Exercise description:
All of the lines below should be printed again exactly as they are.

--- Data records Enclosed Below ---

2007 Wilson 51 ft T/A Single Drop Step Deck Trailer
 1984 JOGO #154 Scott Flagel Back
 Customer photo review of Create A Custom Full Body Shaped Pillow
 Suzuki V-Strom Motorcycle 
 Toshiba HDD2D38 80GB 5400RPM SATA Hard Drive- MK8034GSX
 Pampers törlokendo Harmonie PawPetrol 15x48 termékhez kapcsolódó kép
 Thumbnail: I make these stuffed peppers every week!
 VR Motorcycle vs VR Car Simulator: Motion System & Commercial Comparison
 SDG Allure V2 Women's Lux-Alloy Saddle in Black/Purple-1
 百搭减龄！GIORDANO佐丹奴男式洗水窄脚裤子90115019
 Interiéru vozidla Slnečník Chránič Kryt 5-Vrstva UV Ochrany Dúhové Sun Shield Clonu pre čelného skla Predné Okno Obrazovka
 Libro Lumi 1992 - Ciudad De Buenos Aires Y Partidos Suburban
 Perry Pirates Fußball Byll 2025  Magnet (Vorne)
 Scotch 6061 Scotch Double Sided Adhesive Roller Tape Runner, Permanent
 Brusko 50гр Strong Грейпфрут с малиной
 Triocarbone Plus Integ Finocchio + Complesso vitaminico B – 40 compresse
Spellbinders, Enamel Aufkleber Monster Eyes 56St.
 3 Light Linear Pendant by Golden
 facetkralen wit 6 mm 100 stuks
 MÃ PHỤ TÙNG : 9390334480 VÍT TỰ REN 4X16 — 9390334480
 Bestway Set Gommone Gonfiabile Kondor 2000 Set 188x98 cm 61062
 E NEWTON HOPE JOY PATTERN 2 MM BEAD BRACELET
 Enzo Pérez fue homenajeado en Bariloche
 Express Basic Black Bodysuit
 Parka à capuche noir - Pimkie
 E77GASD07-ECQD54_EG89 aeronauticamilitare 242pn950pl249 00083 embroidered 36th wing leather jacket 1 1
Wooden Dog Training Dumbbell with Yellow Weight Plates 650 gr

--- End of Enclosed Data records ---

Response area:
2007 Wilson 51 ft T/A Single Drop Step Deck Trailer
 1984 JOGO #154 Scott Flagel Back
 Customer photo review of Create A Custom Full Body Shaped Pillow
 Suzuki V-Strom Motorcycle 
 Toshiba HDD2D38 80GB 5400RPM SATA Hard Drive- MK8034GSX
 Pampers törlokendo Harmonie PawPetrol 15x48 termékhez kapcsolódó kép
 Thumbnail: I make these stuffed peppers every week!
 VR Motorcycle vs VR Car Simulator: Motion System & Commercial Comparison
 SDG Allure V2 Women's Lux-Alloy Saddle in Black/Purple-1
 百搭减龄！GIORDANO佐丹奴男式洗水窄脚裤子90115019
 Interiéru vozidla Slnečník Chránič Kryt 5-Vrstva UV Ochrany Dúhové Sun Shield Clonu pre čelného skla Predné Okno Obrazovka
 Libro Lumi 1992 - Ciudad De Buenos Aires Y Partidos Suburban
 Perry Pirates Fußball Byll 2025  Magnet (Vorne)
 Scotch 6061 Scotch Double Sided Adhesive Roller Tape Runner, Permanent
 Brusko 50гр Strong Грейпфрут с малиной
 Triocarbone Plus Integ Finocchio + Complesso vitaminico B – 40 compresse
Spellbinders, Enamel Aufkleber Monster Eyes 56St.
 3 Light Linear Pendant by Golden
 facetkralen wit 6 mm 100 stuks
 MÃ PHỤ TÙNG : 9390334480 VÍT TỰ REN 4X16 — 9390334480
 Bestway Set Gommone Gonfiabile Kondor 2000 Set 188x98 cm 61062
 E NEWTON HOPE JOY PATTERN 2 MM BEAD BRACELET
 Enzo Pérez fue homenajeado en Bariloche
 Express Basic Black Bodysuit
 Parka à capuche noir - Pimkie
 E77GASD07-ECQD54_EG89 aeronauticamilitare 242pn950pl249 00083 embroidered 36th wing leather jacket 1 1
Wooden Dog Training Dumbbell with Yellow Weight Plates 650 gr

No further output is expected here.